Another popular topic Tuesday night was the plea for the BET to restore $433,000 for work on Greenwich Common that was cut by the Budget Committee due to concerns there wasn’t enough information available on the project. Donald Landsman said this cut jeopardized a public/private partnership that would see a gift of $250,000 given to the town for this project, meaning the town would only have spend $183,000 on it. Mr. Landsman suggested the BET could condition the money so it will only be spent if the gift is secured, claiming this will present “no risk” to the town.

Mr. Landsman said this project had the endorsement of Mr. Tesei, the town’s Planning and Zoning Commission and the downtown committee put together as part of the most recent Plan of Conservation and Development (POCD).

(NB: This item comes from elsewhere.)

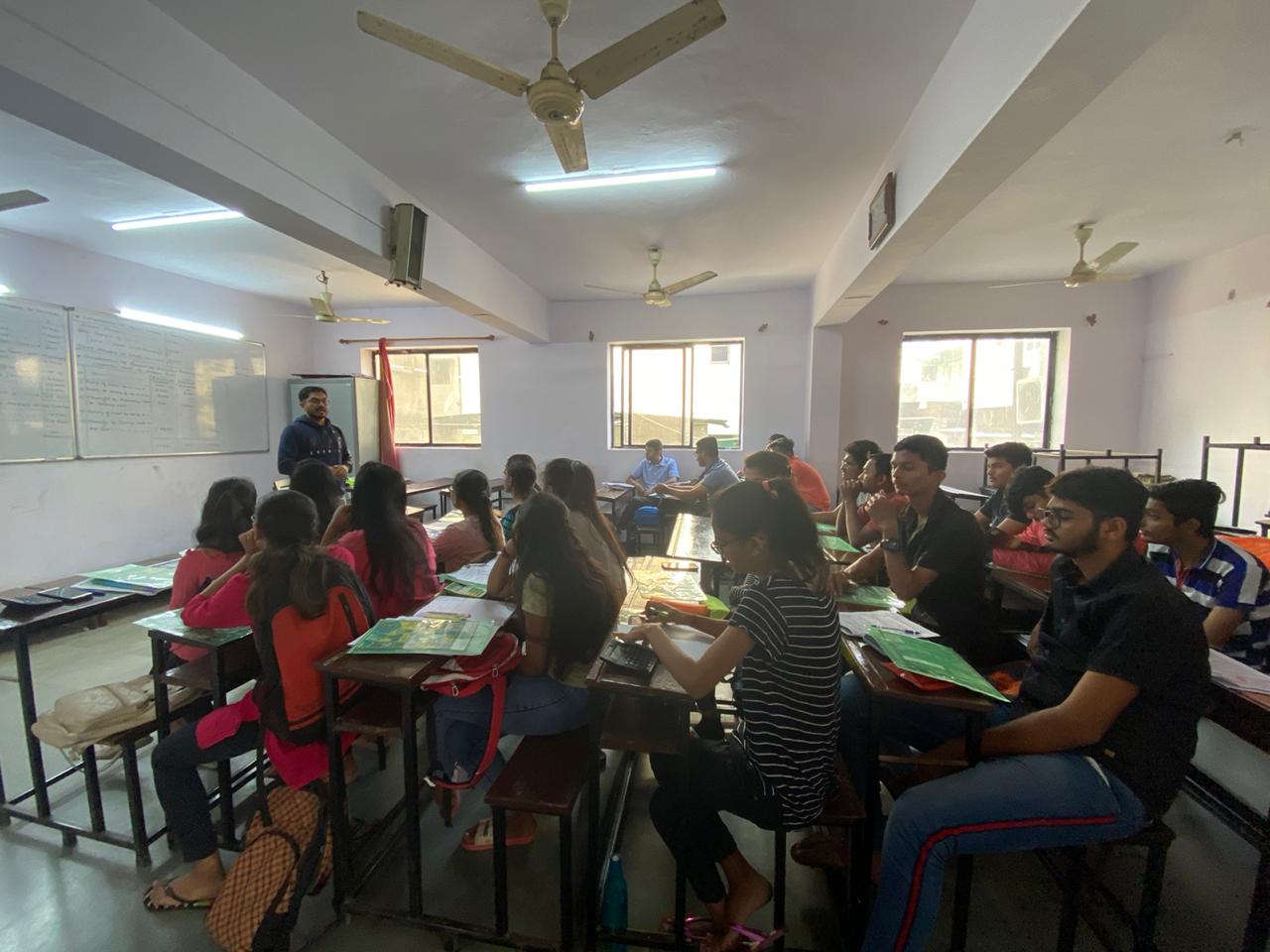 Arena Animation Sayajigunj Vadodara Guest Workshop by Faculty photo 14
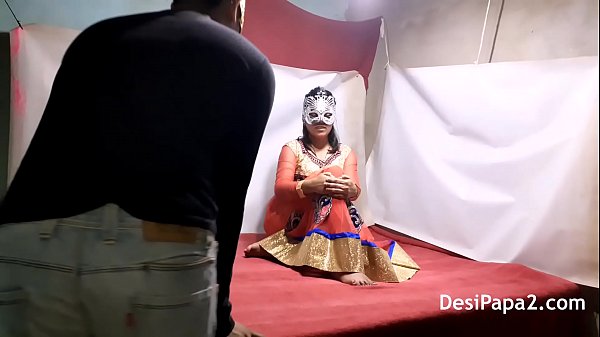 Bhabhi india con trajes tradicionales teniendo sexo duro y arriesgado con su devar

“The common is about the most valuable piece of property the town owns,” Mr. Landsman said. “It’s in the middle of our main shopping area. It connects the Town Hall with Greenwich Avenue. It’s a green space that we invite our citizens to use its beautiful landscape and it can become a small central park enhancing the downtown experience… All of us have heard about the need for public/private partnerships. Greenwich should be encouraging those, not making it harder for private citizens who want to do good.”

James Boutelle, executive director of the Transportation Association of Greenwich (TAG), also asked the BET to restore a cut from the Budget Committee. TAG provides transportation to seniors in town who cannot drive anymore and the committee reduced a $262,000 request to $182,500 last month. Because of increased demand, Mr. Boutelle said that other services for TAG will have to be cut like providing transportation to employees at The Nathaniel Witherell and delivery of food to residents for the Department of Social Services which he said the organization took on as a courtesy to the town to help reduce municipal expenses in prior years.

Mr. Boutelle said he hoped that additional information provided to the BET would result in a reconsideration of the money at tonight’s vote.

Several other topics were covered during the hearing with speakers advocating for BET approval for additional money for the music instructional space and auditorium (MISA) project at Greenwich High School and the expansion of New Lebanon School, which faces such overcrowding that  parent Clare Kilgallen told the board students were forced to work “not in a closet, but in closets.” There was also strong advocacy for the BET to fund a full time position for the town’s conservation commission instead of a part time position, with several speakers saying the department needs the help and the institutional knowledge in place.

All of the speakers were hoping they were received with open minds during the hearing. And while it might seem after months of discussion and examination, the BET’s mind was made up, Chairman Michael Mason said that was not the case. At Tuesday’s hearing he said that “there were some issues, I really well tell you, that are undecided” leading into tonight’s vote.

If the BET approves the $395,679,727 2014-15 municipal budget tonight without any additional change it would create a 2.75% increase in the town’s mill rate. The budget will get its final vote before the RTM in May.